Problem statement: Only those lines in the data below from the line containing "operacji liposukcji. ręce" through the line containing "Emotion Reversed In", both included, should be restated word for word.

Entries provided:

*-*-*

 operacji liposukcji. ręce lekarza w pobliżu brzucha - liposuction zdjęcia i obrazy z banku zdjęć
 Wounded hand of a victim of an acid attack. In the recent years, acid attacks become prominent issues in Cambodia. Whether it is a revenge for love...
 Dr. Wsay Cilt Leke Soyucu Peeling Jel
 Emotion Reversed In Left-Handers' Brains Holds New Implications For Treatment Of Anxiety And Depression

*-*-*

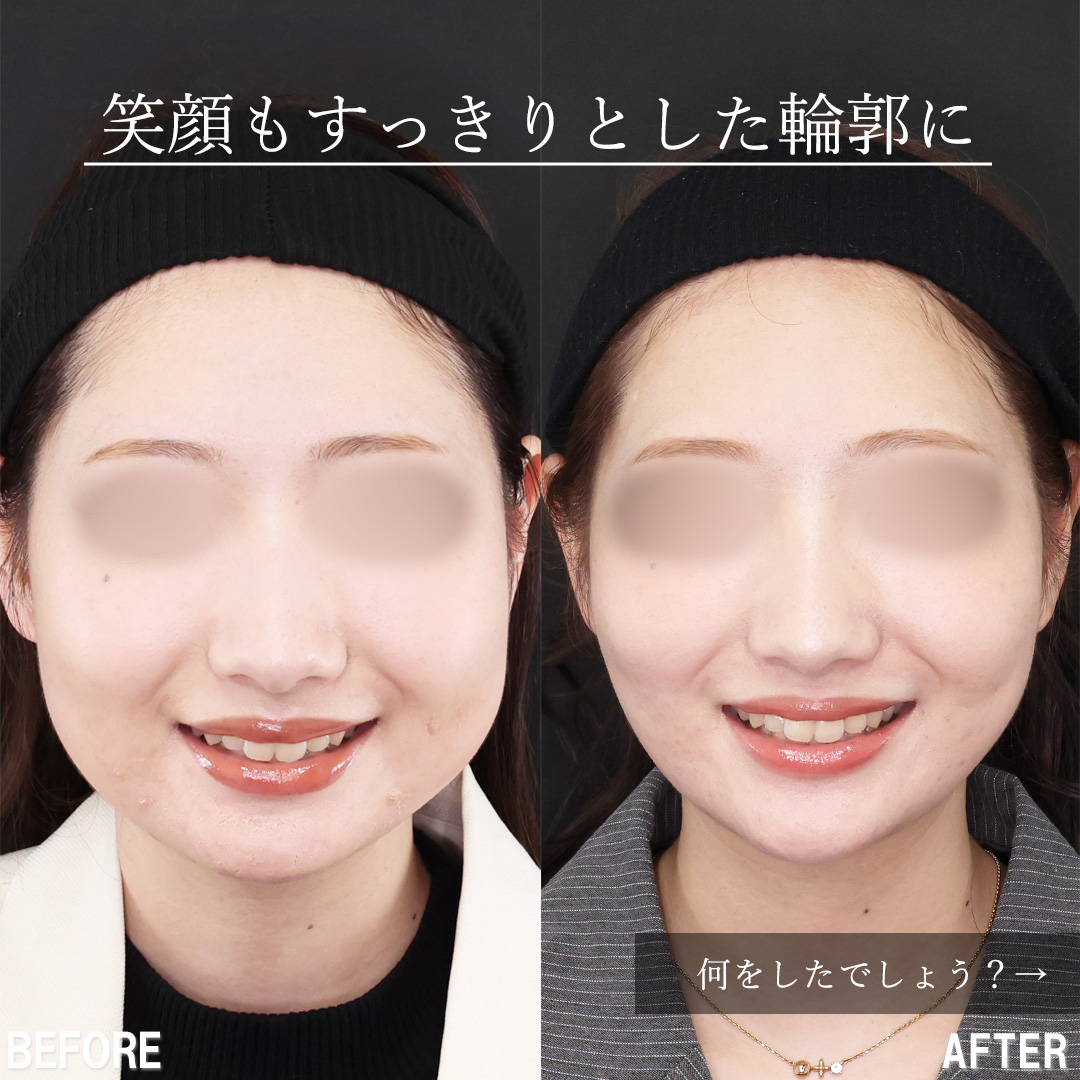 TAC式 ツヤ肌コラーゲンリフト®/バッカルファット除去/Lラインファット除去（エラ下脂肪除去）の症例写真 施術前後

*-*-*

Answer to the exercise:
 operacji liposukcji. ręce lekarza w pobliżu brzucha - liposuction zdjęcia i obrazy z banku zdjęć
 Wounded hand of a victim of an acid attack. In the recent years, acid attacks become prominent issues in Cambodia. Whether it is a revenge for love...
 Dr. Wsay Cilt Leke Soyucu Peeling Jel
 Emotion Reversed In Left-Handers' Brains Holds New Implications For Treatment Of Anxiety And Depression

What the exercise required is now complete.